Purpose: To study the effect on outflow facility and outflow resistance of a nitinol microstent implanted into Schlemm's canal.
Methods: Using a constant pressure perfusion method, outflow facility and outflow resistance were measured in 26 pairs of dissected anterior segments from donated human eyes. Measurements were made at perfusion pressures of 10, 20, 30 and 40 mm Hg. The Hydrus Microstent was placed in Schlemm's canal of one eye and the contralateral eye underwent a sham procedure. Outflow facility and outflow resistance were measured again after the microstent implantation or sham procedure.
Results: The Hydrus Microstent significantly increased outflow facility from 0.33 ± 0.17 μL/min/mm Hg to 0.52 ± 0.19 μL/min/mm Hg (P < 0.001). Outflow resistance was significantly reduced from 4.38 ± 3.03 mm Hg/μL/min at baseline to 2.34 ± 1.04 mm Hg/μL/min (P < 0.001) with the microstent. There was a linear correlation between outflow resistance at baseline and decrease in outflow resistance with the microstent (R(2) = 0.89, P < 0.0001).

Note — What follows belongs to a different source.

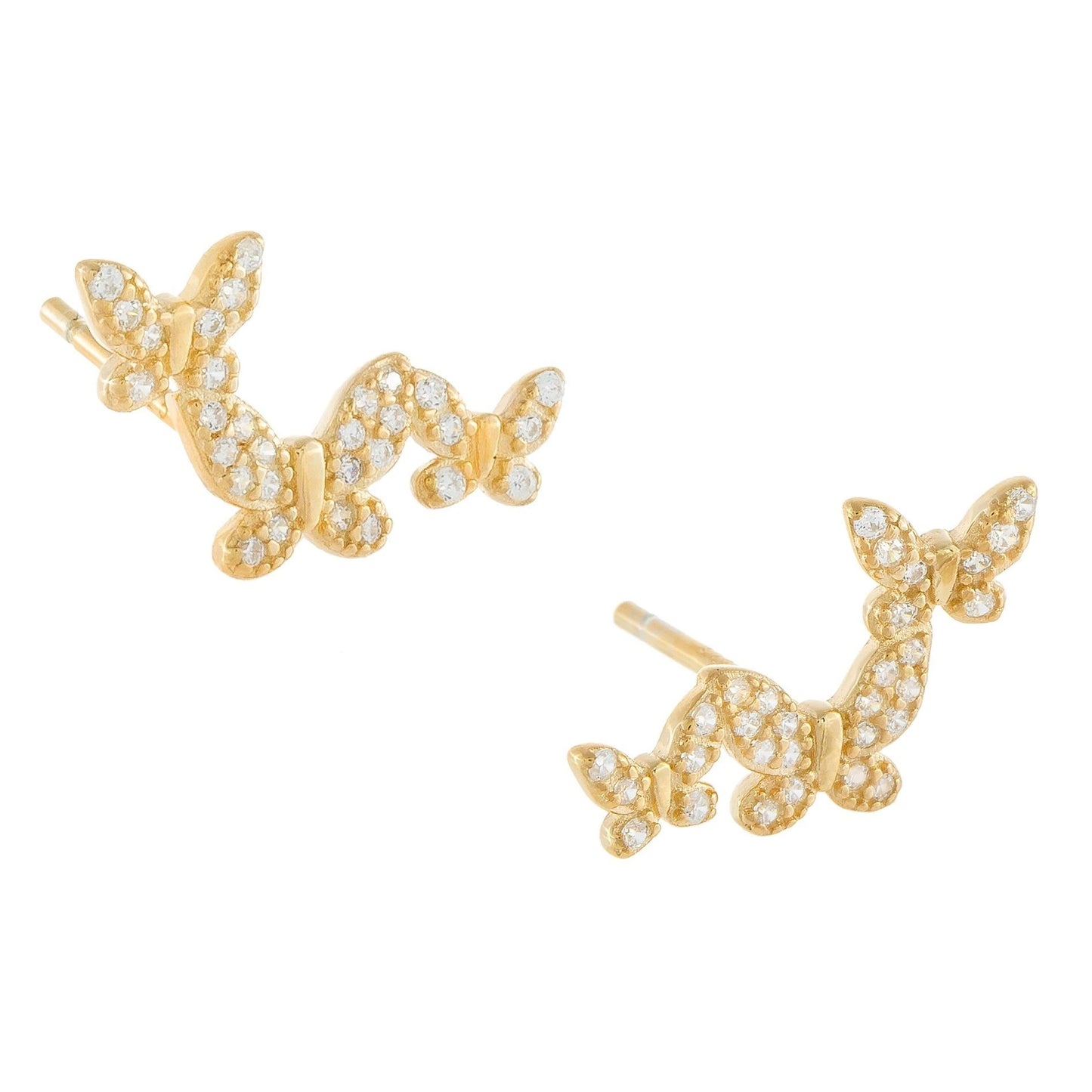 Women's Hot Small Butterfly Fashion Sier Fine Earrings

Conclusions: The increase in outflow facility and decrease in resistance supports the potential use of the Hydrus Microstent as a surgical option to reduce intraocular pressure (IOP). The IOP-lowering effect may be higher in eyes with higher outflow resistance (and IOP) as compared with eyes with lower outflow resistance (and IOP).